*** Data supplied ***
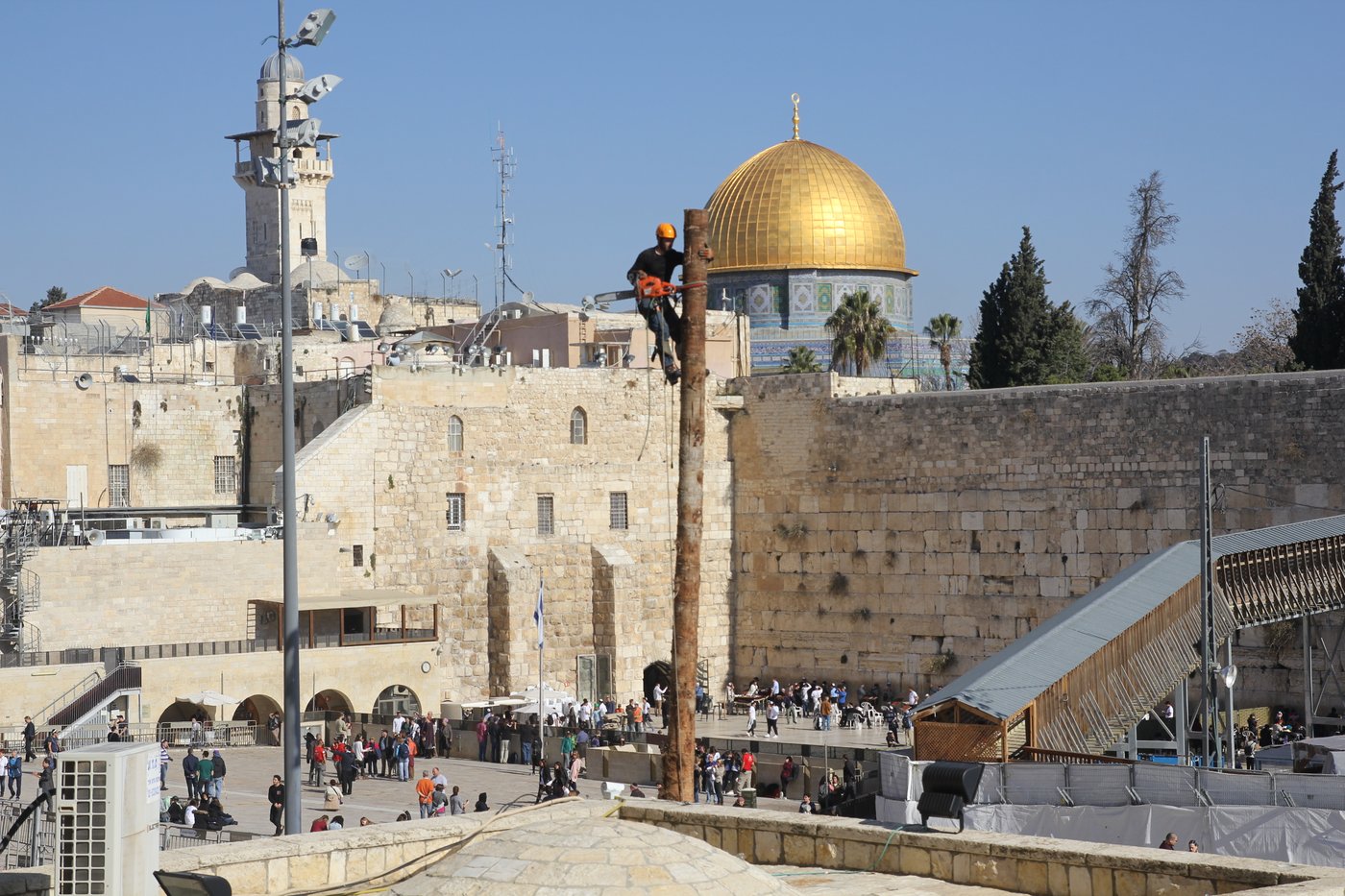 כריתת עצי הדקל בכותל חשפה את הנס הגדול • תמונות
*** End of Data supplied ***
*** Data supplied ***
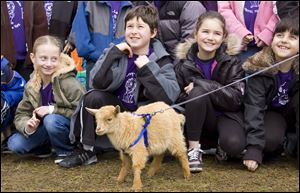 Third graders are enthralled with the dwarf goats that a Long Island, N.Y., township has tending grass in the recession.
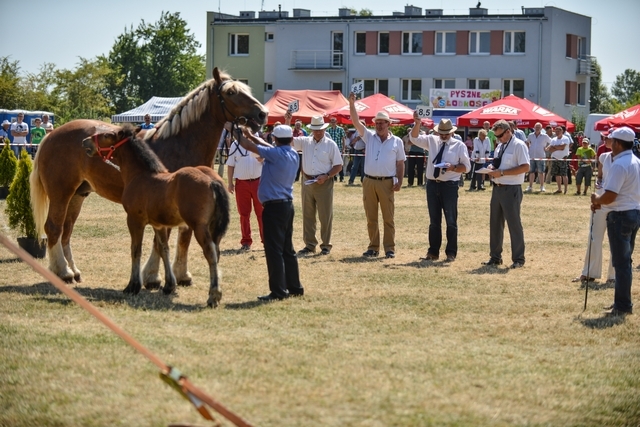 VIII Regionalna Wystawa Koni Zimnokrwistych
*** End of Data supplied ***
*** Data supplied ***
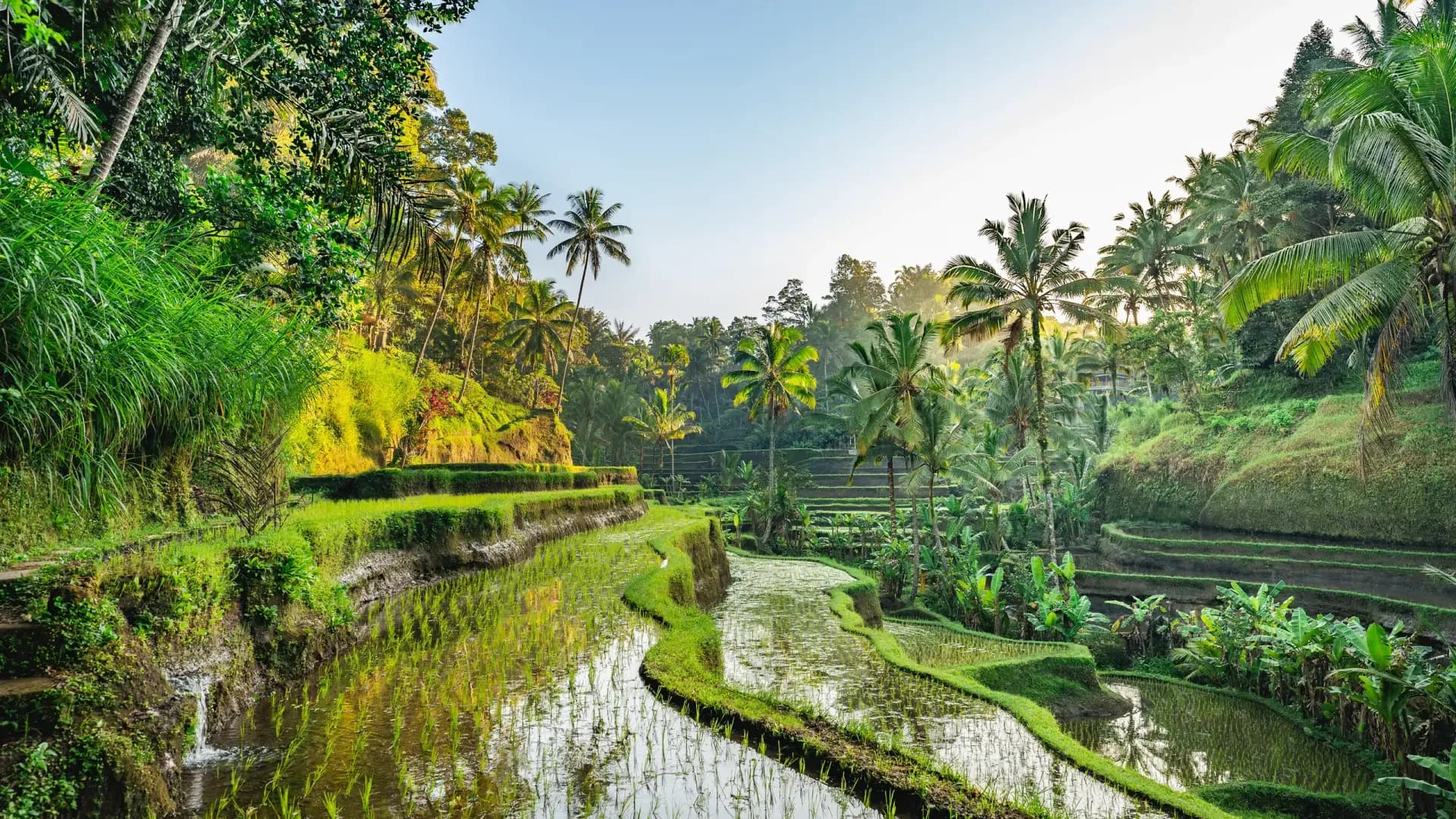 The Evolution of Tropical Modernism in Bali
*** End of Data supplied ***
▸ **Exercise**
Print exactly the lines above that run from the one with "Third graders are" down to the one with "VIII Regionalna Wystawa Koni Zimnokrwistych", and omit the pictures.

▸ **Response**
 Third graders are enthralled with the dwarf goats that a Long Island, N.Y., township has tending grass in the recession.
 VIII Regionalna Wystawa Koni Zimnokrwistych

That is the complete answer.